Despite some recent changes in facilities, the impact of this institution's long-term acceptance of mediocrity will linger. Ask those trying to recruit around the empty trophy cases. Or check with the in-state prospects who look first to go elsewhere.
Ubel's challenge to stay on task has been complicated by the inexplicable beating he has taken on message boards since his arrival. He isn't LeBron James, and he never said he was.
Yet verbal vandals have hacked at Ubel since his freshman year, somehow ignoring that he played immediately instead of redshirting; he often played out of position due to injuries or recruiting failures; and his statistics suffered because he was overloaded with on-the-floor grunt work to make his team better.
Oh, and did anyone recall that Ubel has carried out orders from two head coaches and 11 assistants in 3Ĺ years?
After all that, he's lucky he can see straight.
Yet Ubel has stayed focused well enough to make academic all-conference in the Big 12 and the Big Ten, and get named to the first team of the Big Ten Network's all-improved team last week. His scoring (13) and rebound (seven) averages have nearly doubled.

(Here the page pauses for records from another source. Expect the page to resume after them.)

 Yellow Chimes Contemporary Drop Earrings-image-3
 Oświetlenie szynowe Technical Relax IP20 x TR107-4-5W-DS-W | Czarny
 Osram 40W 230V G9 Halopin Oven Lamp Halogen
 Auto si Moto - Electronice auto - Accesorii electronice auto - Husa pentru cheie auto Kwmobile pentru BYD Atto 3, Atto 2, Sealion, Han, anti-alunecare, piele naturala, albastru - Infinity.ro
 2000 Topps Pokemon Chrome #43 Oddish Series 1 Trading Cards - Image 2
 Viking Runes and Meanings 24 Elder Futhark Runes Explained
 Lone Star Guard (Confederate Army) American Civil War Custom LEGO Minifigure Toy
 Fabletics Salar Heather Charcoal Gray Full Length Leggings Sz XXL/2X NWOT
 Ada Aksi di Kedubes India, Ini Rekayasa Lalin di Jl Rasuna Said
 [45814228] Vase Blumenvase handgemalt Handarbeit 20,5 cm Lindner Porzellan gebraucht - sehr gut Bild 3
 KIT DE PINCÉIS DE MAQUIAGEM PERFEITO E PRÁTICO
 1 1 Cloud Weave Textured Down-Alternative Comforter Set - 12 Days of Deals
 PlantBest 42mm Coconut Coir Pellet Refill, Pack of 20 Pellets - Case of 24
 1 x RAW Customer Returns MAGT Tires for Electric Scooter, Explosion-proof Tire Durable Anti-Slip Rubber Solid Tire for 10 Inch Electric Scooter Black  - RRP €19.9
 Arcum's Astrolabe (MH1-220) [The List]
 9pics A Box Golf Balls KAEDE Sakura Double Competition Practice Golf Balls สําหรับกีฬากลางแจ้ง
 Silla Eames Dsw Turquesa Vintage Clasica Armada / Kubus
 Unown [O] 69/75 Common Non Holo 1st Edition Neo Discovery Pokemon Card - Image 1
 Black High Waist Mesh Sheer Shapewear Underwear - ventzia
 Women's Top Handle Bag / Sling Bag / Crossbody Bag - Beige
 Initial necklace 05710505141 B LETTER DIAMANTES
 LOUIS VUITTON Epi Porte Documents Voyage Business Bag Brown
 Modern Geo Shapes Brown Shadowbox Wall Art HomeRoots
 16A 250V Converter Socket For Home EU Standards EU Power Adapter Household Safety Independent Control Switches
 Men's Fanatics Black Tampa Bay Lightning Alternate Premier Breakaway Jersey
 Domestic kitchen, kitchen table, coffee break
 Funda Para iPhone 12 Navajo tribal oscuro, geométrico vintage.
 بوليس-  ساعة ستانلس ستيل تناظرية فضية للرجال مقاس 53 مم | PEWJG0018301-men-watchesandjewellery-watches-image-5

Through it all, he holds no bitterness.
“I wouldn't trade any of this for the world,” Ubel said. “I've loved it here, even through all the ups and downs on the court. I love Nebraska.”
That love affair started when the Overland Park, Kan., native — now just one elective shy of graduation — first visited campus.
His older sister already was an NU track athlete, but Ubel wasn't a lock to follow. He had late interest from Stanford, Cal and Marquette, and offers from Wichita State, Drake and Utah State besides Nebraska.
“When I came here for my visit,” Ubel said, “it was one of those deals where you get that feeling that it's the right place for you.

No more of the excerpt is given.